### Data for this task

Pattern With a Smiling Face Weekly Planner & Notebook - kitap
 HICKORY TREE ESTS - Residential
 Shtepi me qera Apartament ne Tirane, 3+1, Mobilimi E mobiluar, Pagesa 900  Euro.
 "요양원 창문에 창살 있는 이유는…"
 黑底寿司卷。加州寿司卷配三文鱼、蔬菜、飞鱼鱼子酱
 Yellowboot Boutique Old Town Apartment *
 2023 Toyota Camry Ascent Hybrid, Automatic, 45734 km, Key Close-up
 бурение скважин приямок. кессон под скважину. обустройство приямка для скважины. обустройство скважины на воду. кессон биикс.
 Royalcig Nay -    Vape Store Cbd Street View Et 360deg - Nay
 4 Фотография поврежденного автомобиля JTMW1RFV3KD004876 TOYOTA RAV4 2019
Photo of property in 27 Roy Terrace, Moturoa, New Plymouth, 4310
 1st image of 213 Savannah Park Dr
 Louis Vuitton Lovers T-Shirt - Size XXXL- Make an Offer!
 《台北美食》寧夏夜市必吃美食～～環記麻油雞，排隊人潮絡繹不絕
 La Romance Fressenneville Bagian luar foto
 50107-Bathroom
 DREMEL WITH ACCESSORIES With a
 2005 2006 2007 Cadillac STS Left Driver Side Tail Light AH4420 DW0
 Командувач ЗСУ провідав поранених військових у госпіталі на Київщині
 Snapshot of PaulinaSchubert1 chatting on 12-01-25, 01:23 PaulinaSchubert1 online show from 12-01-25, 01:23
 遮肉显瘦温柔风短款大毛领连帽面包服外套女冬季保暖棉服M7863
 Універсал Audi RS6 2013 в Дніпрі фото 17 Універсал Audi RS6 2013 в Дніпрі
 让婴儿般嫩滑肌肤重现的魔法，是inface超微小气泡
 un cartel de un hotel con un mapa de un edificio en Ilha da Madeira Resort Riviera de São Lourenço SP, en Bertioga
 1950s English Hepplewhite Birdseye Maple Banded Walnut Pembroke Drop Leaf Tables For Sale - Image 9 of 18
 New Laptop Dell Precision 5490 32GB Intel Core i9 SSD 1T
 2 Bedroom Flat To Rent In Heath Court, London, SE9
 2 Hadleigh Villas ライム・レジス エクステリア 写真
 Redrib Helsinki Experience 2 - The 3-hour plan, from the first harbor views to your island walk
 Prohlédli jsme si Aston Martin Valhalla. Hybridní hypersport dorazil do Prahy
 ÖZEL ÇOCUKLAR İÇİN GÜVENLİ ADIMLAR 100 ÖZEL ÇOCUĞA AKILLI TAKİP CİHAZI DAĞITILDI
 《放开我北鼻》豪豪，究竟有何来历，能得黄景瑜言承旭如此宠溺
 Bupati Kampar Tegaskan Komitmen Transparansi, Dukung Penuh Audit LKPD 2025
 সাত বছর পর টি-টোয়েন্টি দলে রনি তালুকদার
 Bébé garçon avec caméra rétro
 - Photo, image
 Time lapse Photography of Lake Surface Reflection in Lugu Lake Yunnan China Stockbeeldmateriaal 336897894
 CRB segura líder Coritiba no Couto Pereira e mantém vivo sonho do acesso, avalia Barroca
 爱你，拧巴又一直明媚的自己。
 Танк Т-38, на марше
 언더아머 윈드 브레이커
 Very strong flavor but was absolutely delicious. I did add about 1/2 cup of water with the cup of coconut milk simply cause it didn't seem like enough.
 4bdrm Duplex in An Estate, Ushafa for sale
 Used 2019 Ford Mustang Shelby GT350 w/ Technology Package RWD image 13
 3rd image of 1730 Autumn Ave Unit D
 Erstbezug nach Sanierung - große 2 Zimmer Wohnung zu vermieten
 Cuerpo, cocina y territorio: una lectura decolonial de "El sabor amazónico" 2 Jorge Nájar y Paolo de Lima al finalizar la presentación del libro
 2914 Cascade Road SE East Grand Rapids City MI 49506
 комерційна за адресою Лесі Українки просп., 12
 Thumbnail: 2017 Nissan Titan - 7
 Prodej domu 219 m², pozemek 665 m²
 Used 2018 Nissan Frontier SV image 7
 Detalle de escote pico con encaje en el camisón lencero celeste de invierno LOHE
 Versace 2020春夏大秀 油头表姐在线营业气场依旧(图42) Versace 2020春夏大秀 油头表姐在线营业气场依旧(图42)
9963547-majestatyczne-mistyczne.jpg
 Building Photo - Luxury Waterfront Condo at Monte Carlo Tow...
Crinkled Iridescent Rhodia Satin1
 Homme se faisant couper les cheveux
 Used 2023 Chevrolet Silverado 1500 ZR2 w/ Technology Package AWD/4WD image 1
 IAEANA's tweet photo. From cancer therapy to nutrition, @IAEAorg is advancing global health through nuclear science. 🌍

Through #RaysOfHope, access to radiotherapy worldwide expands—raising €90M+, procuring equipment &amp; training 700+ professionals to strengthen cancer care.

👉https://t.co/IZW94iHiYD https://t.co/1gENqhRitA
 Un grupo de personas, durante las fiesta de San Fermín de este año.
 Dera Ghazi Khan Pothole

### Task statement
Give an exact copy of the lines above from the line with "让婴儿般嫩滑肌肤重现的魔法，是inface超微小气泡" up to and including the line with "Prohlédli jsme si", and leave everything else out.

### Result
 让婴儿般嫩滑肌肤重现的魔法，是inface超微小气泡
 un cartel de un hotel con un mapa de un edificio en Ilha da Madeira Resort Riviera de São Lourenço SP, en Bertioga
 1950s English Hepplewhite Birdseye Maple Banded Walnut Pembroke Drop Leaf Tables For Sale - Image 9 of 18
 New Laptop Dell Precision 5490 32GB Intel Core i9 SSD 1T
 2 Bedroom Flat To Rent In Heath Court, London, SE9
 2 Hadleigh Villas ライム・レジス エクステリア 写真
 Redrib Helsinki Experience 2 - The 3-hour plan, from the first harbor views to your island walk
 Prohlédli jsme si Aston Martin Valhalla. Hybridní hypersport dorazil do Prahy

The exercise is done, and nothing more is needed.